China is Australia’s largest trading partner so the health of the Chinese economy is a major influence on the value of the Australian Dollar (AUD). When the Chinese economy is doing well it purchases more raw materials, goods and services from Australia, lifting demand for the AUD, and pushing up its value. The opposite is the case when the Chinese economy is not growing as fast as expected. Positive or negative surprises in Chinese growth data, therefore, often have a direct impact on the Australian Dollar and its pairs.

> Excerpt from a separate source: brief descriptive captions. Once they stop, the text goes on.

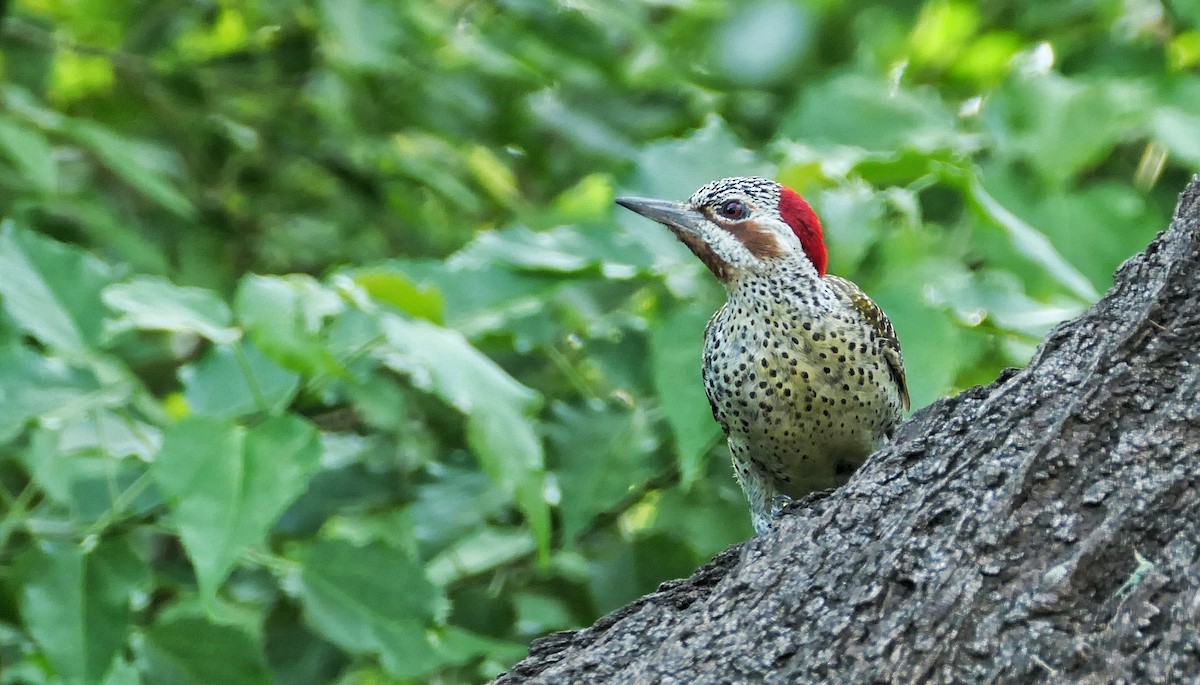 Bennett's Woodpecker - Hubert Söhner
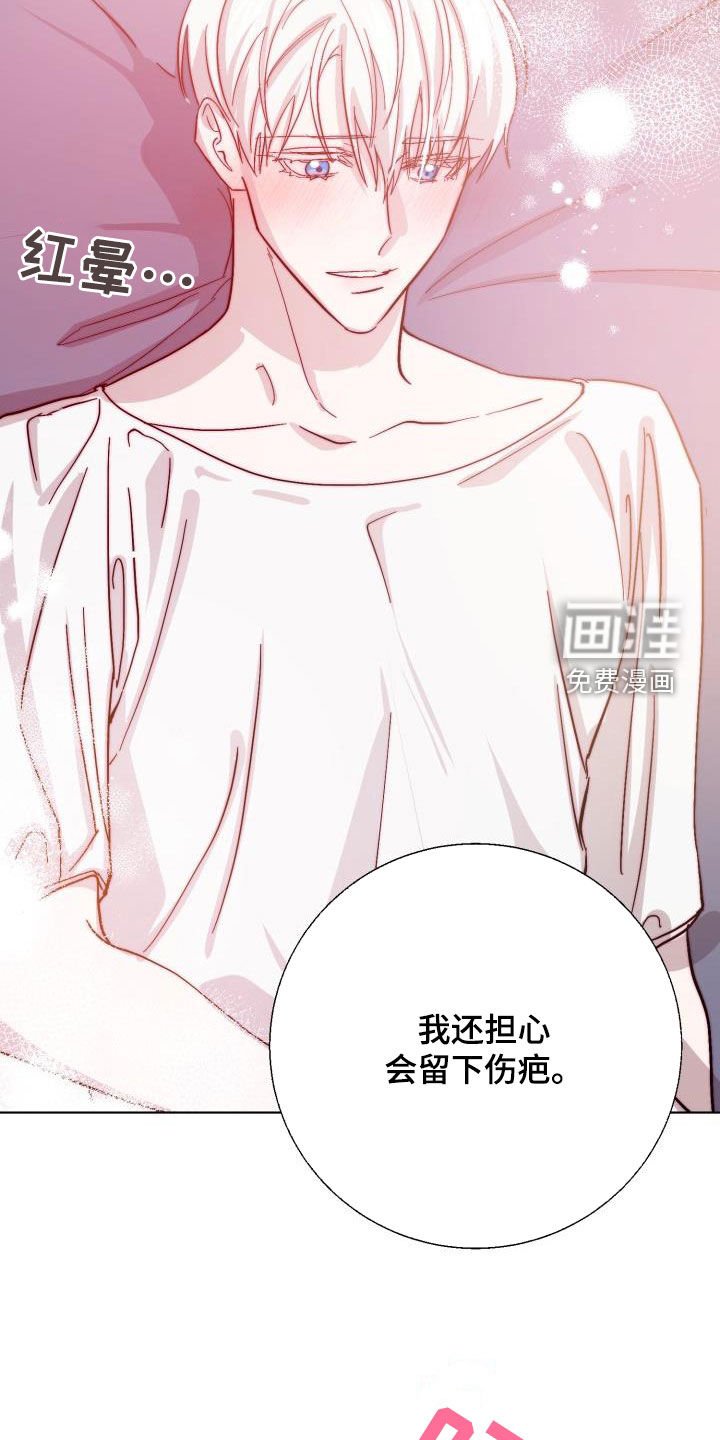 第64章：【第二季】疤痕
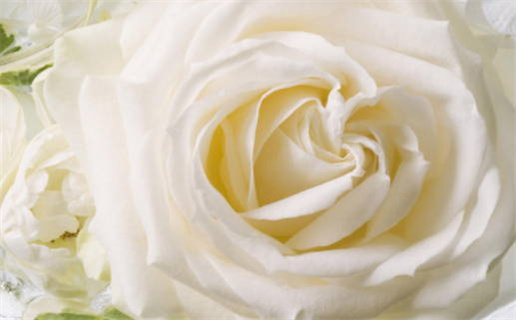 双鱼座宠金牛女吗男生会喜欢吗(双鱼座宠金牛女吗男生会喜欢吗知乎)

Iron Ore is Australia’s largest export, accounting for $118 billion a year according to data from 2021, with China as its primary destination. The price of Iron Ore, therefore, can be a driver of the Australian Dollar. Generally, if the price of Iron Ore rises, AUD also goes up, as aggregate demand for the currency increases. The opposite is the case if the price of Iron Ore falls. Higher Iron Ore prices also tend to result in a greater likelihood of a positive Trade Balance for Australia, which is also positive of the AUD.
The Trade Balance, which is the difference between what a country earns from its exports versus what it pays for its imports, is another factor that can influence the value of the Australian Dollar. If Australia produces highly sought after exports, then its currency will gain in value purely from the surplus demand created from foreign buyers seeking to purchase its exports versus what it spends to purchase imports. Therefore, a positive net Trade Balance strengthens the AUD, with the opposite effect if the Trade Balance is negative.